Macaristan seçimi, sağ-otoriter liderlerin başarısı ve muhalefetin aday tercihi - Resim : 1

İşsizlik 2014’ten bu yana düşüş trendinde. İşsizlik oranı %12’den %3.7’ye düşerken, istihdam oranı %56’dan %70’e çıktı. Kişi başına düşen yurtiçi gelir 2016’dan bugüne 13 bin dolar seviyesinden 15 bin dolar seviyesine yükseldi. Asgari ücret 350 dolardan yaklaşık 550 dolara çıkartıldı.

Özetle, Macaristan ekonomik kriz yaşamayan ve ileri ekonomiler kategorisine doğru ilerleyen bir ülke. Örneğin Türkiye ile karşılaştırıldığında (işsizlik %12, istihdam %45), Macaristan ekonomisinin vasat üstü yönde seyrettiği anlaşılıyor. Orban da bu performansın nimetlerinden faydalanmış görünüyor.

Kültür Savaşı

Orban, Erdoğan, Putin, Kaczyński gibi milliyetçi-muhafazakar çoğunluğa dayalı siyaset yapmayı alışkanlık haline getirmiş sağ-otoriter liderler, seküler azınlığı hedef göstererek kendi kitlesini konsolide ediyor. Seküler-dindar ve kozmopolitan-milliyetçi yarılma hatları üzerinden sürekli tetiklenen bu çatışma “kültür savaşları” olarak tanımlanıyor.

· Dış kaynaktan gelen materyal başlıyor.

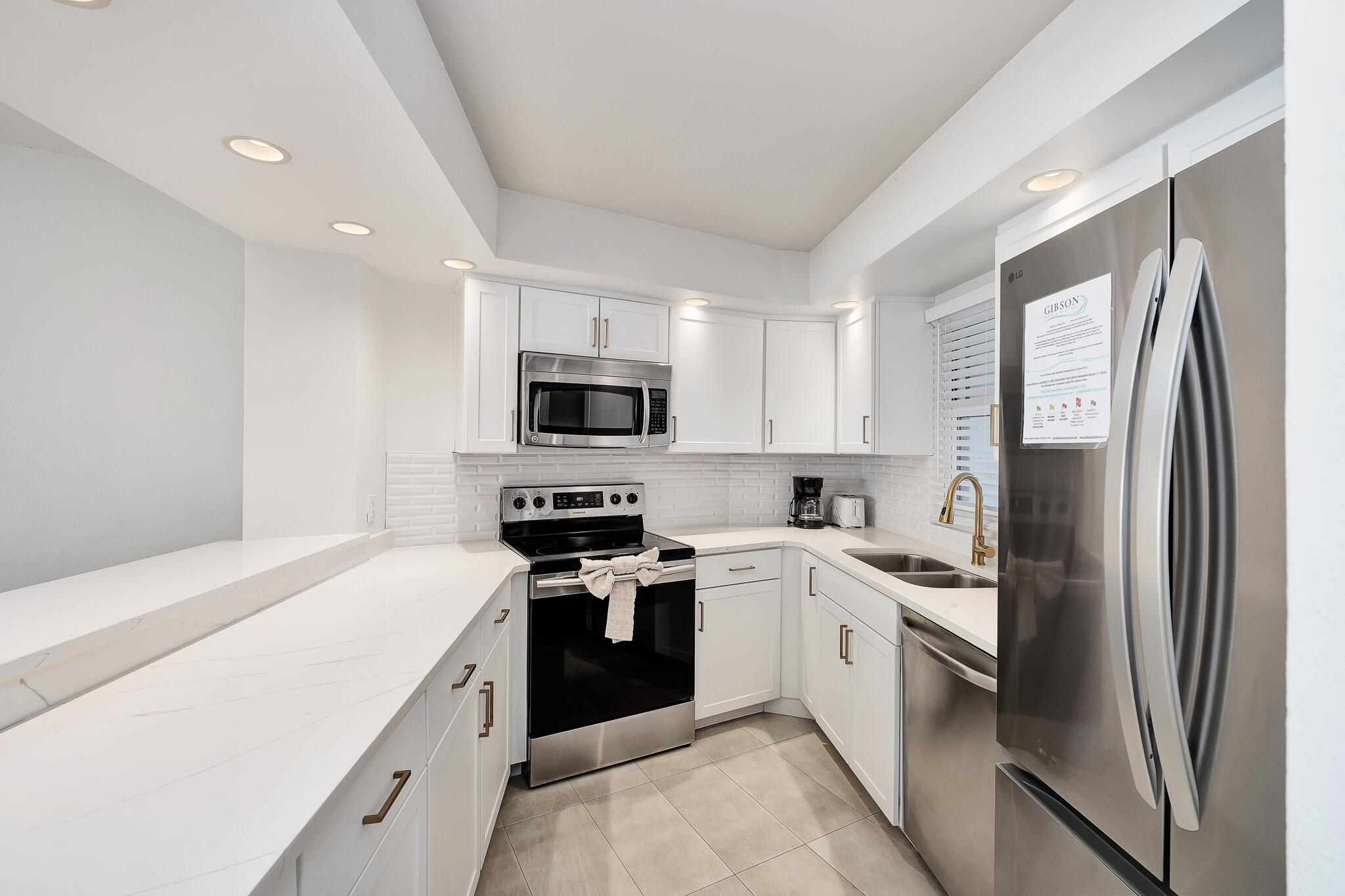 4291 Beachside 2, Unit 4291 Miramar Beach, FL 32550 - Photo 4 of 55 a kitchen with white cabinets and stainless steel appliances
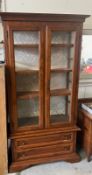 A glass display cabinet with two long drawers to base (H190cm W102cm D38cm)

Bu sayede sağ-otoriter liderler, seçmenleri için siyaseti ve seçimleri sapkınlarla ahlaklılar arasında yapılan varoluşsal bir tercihe dönüştürüyor.

LGBTQ hareketine karşı “aile değerlerini” koruma, cinsel özgürlüğe karşı ahlakı koruma, dış düşmanlara karşı sınırları koruma, iç düşmanlara karşı asayişi koruma, küresel odaklara karşı milleti koruma gibi birkaç başlıkta kendilerini koruyucu baba olarak siyasal iletişimlerinde konumlandıran bu liderler kültür savaşlarını bu şekilde meşrulaştırıyor. Kültür savaşlarını devam ettirmek isteyen Orban, 3 Mart 2022 seçimleriyle aynı anda çocuklara yönelik cinsel eğitimle ilgili maddeyi referanduma götürdü. Orban böylece seçimi yeniden bir ahlaki tercihe dönüştürdü.

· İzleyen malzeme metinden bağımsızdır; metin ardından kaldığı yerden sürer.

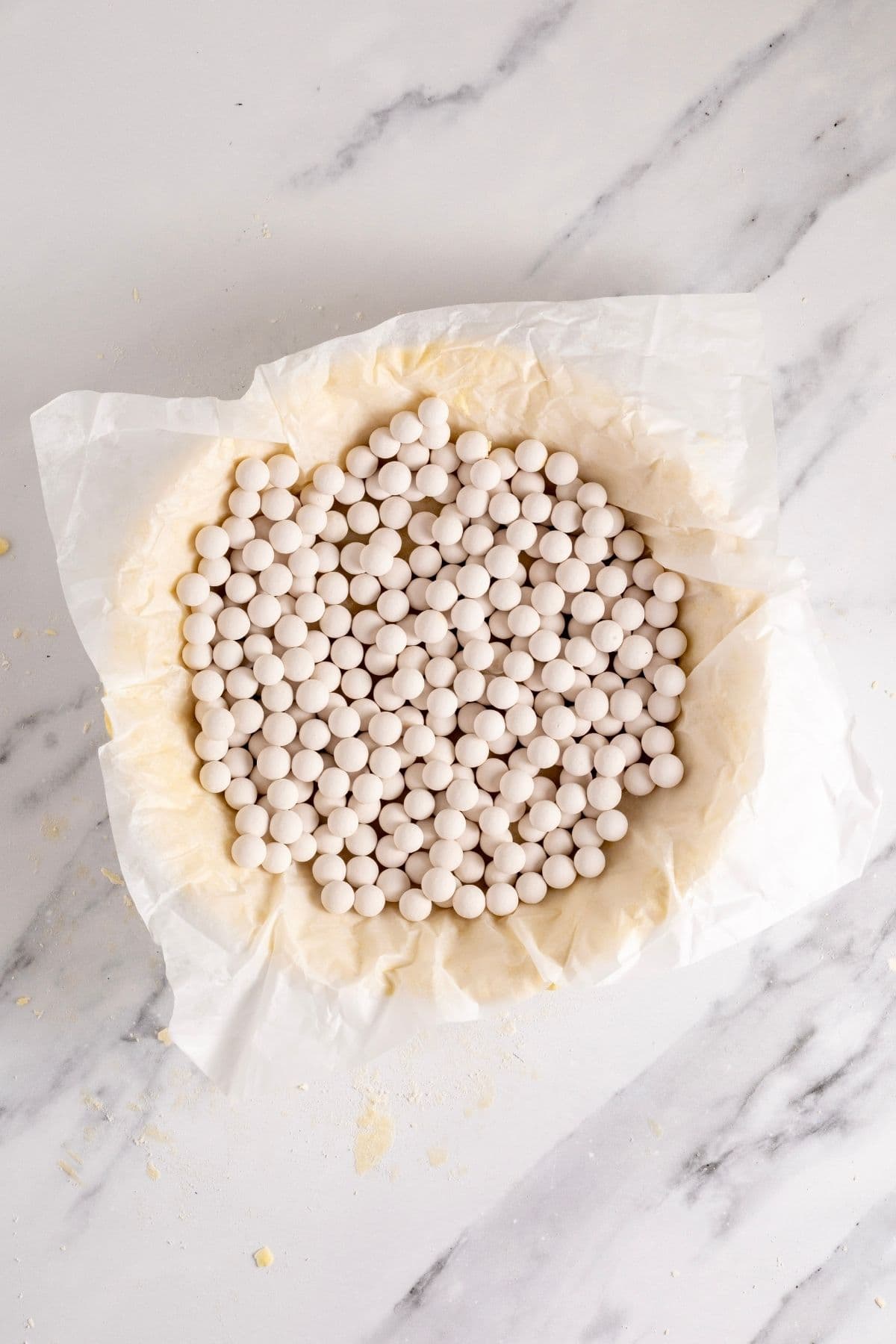 The pie dish filled with pastry that has a piece of white parchment paper filling the cavity that is then filled with white porcelain pie weights. 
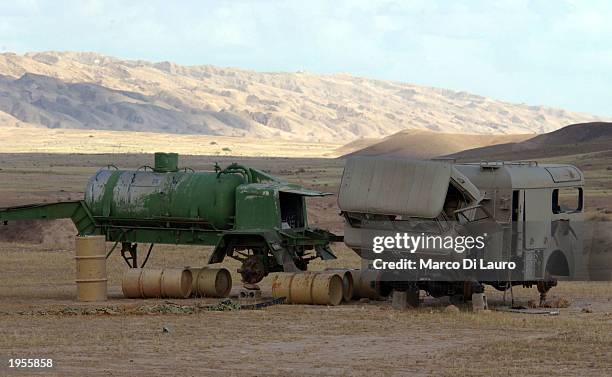 Drums sit next to a pumping system and a mobile laboratory April 28, 2003 after being discovered by U.S. Troops in the outskirts of Baiji in northern...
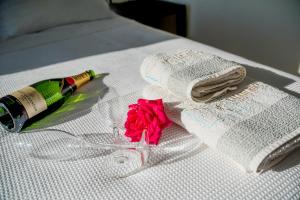 a bottle of champagne and a rose on a bed at Kaladi Rock in Avlemonas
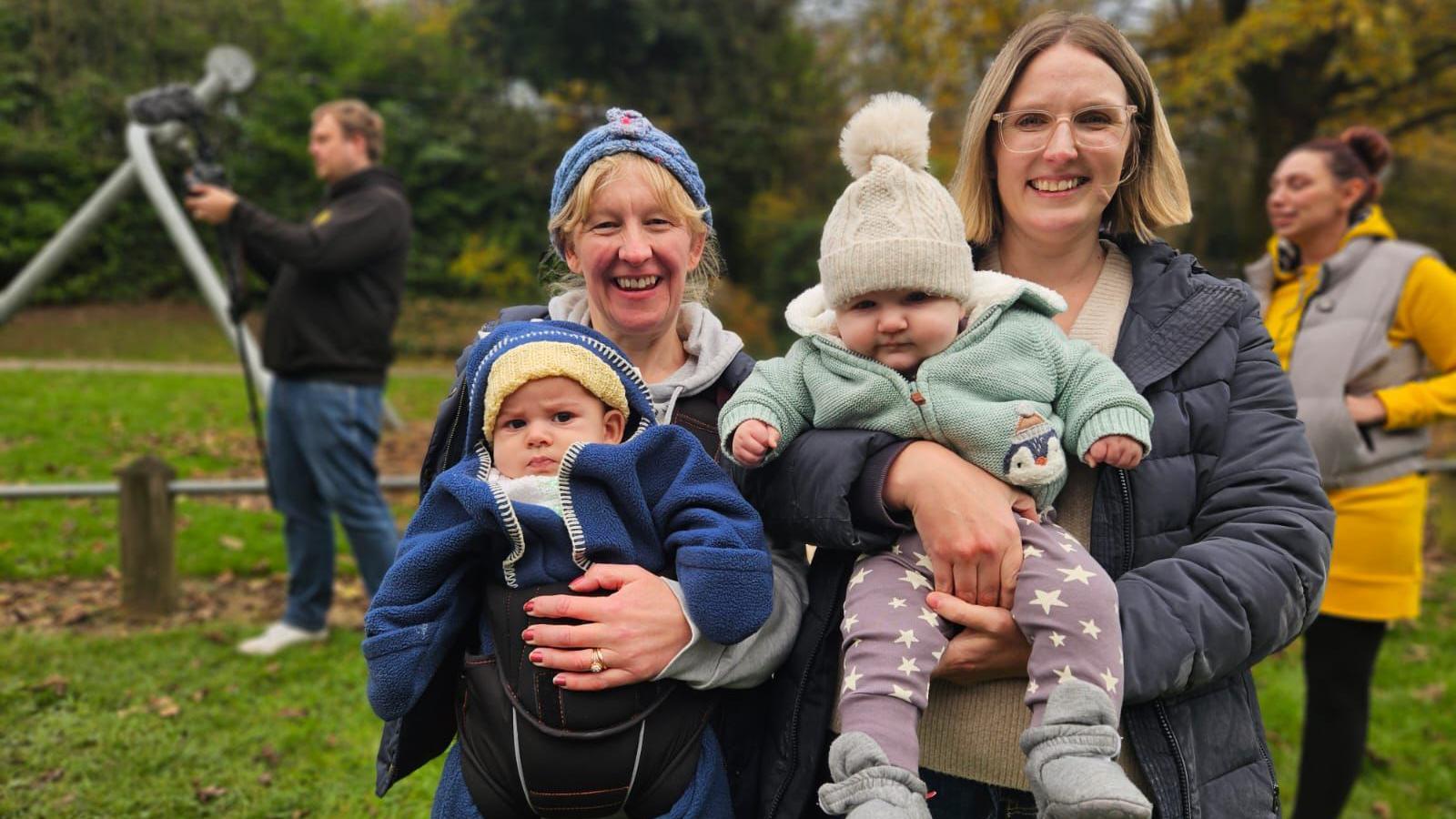 Two mums holding their baby sons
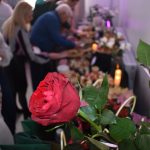 DSC_0339 Czerwona róża na pierwszym planie, z boku grupa ludzi przy stole z jedzeniem. W tle widoczne są świeczki i dekoracje.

1. Aile izni olmadan okullarda çocuklara cinsel yönelim eğitimi verilmesini destekliyor musunuz?

2. Çocuklar için cinsiyet uyum ameliyatının teşvik edilmesini destekliyor musunuz?

3. Çocukların cinsel içeriklere maruz kalmasını destekliyor musunuz?

4. Çocuklara cinsiyet değişikliyle ilgili görsellerin gösterilmesini destekliyor musunuz?

Bu maddelere gelen destek %41-43 aralığında gerçekleşti. Yasa uyarınca kayıtlı seçmende %50’yi bulamadığı için iptal olan bu maddeler Orban’ın lideri olduğu Fidesz-KDNP’nin kayıtlı seçmende elde etmiş olduğu %35’in üzerine çıkmayı başardı.

Sonuç

Macaristan'da muhalefet usül olarak gereken demokratik prosedürlerin çoğunu hayata geçirmiş olsa da siyasetin rekabetçi özüne uygun olmayan aday tercihi, kültür savaşı ve iktidarın vasat üstü ekonomi ve dış politika performansı Orban'a bir seçim daha kazandırdı.